| Work request |
Give the data below again exactly as written, but without the pictures.

| Material shown |
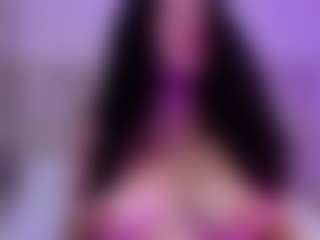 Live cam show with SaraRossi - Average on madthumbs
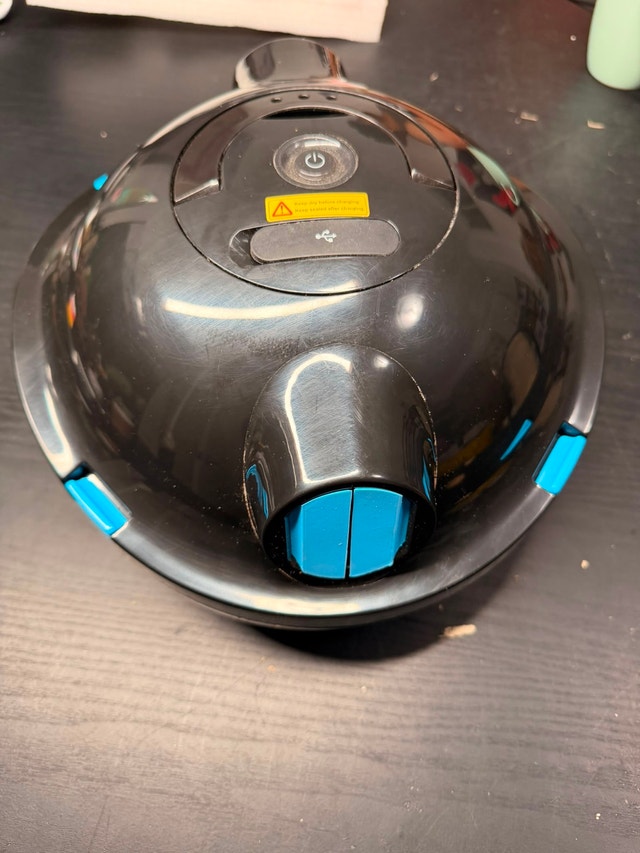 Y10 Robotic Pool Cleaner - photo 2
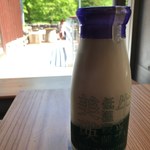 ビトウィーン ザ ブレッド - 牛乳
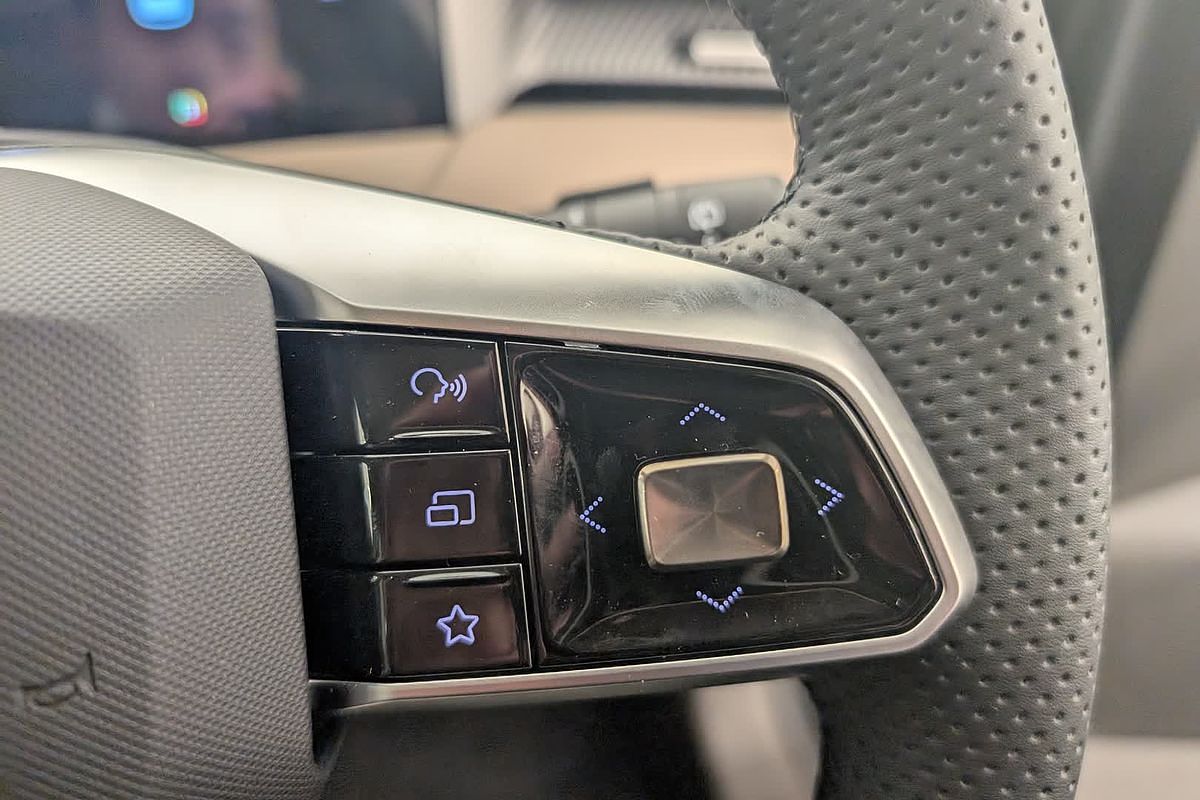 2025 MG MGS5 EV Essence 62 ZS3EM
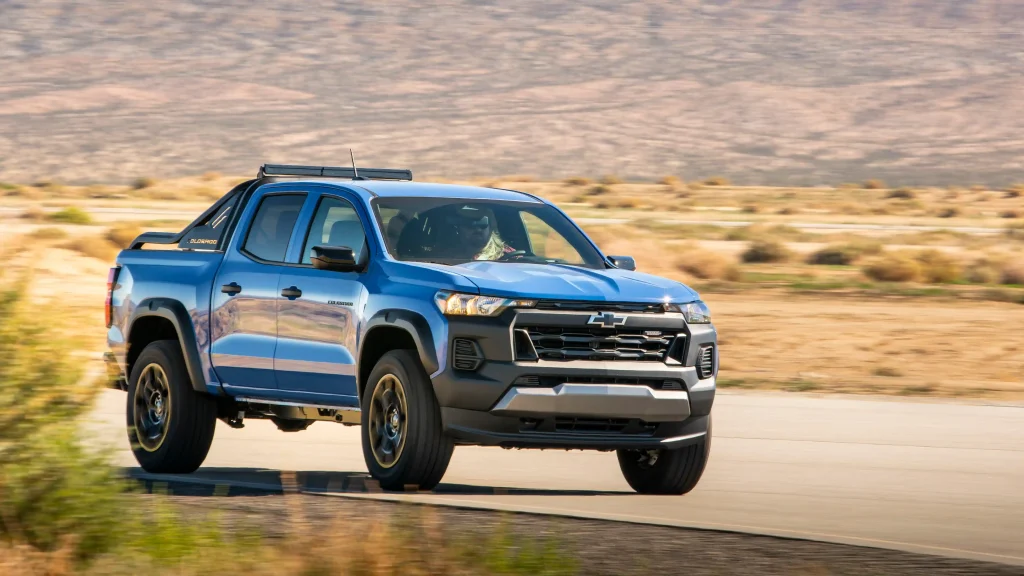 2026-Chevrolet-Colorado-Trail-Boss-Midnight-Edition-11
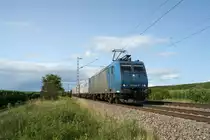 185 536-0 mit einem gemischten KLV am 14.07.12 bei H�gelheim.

| Result of the exercise |
 Live cam show with SaraRossi - Average on madthumbs
 Y10 Robotic Pool Cleaner - photo 2
 ビトウィーン ザ ブレッド - 牛乳
 2025 MG MGS5 EV Essence 62 ZS3EM
 2026-Chevrolet-Colorado-Trail-Boss-Midnight-Edition-11
 185 536-0 mit einem gemischten KLV am 14.07.12 bei H�gelheim.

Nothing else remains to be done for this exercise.